To do ▸
For each line below that holds the string "Decor", add one to a tally; report that tally alone.

Records to process ▸
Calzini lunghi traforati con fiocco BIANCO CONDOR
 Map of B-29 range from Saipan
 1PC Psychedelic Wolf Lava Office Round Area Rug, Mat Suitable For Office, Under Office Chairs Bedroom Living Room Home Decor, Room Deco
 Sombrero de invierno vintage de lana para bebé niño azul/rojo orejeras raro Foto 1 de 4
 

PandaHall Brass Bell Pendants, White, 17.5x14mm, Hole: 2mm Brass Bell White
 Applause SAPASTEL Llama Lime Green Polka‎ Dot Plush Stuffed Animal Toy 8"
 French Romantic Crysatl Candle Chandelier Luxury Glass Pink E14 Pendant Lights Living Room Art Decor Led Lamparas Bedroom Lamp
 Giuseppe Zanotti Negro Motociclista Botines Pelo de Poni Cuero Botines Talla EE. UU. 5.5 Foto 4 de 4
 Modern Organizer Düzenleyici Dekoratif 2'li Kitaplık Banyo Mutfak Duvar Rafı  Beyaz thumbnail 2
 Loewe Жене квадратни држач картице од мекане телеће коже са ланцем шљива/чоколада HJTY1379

Written response ▸
2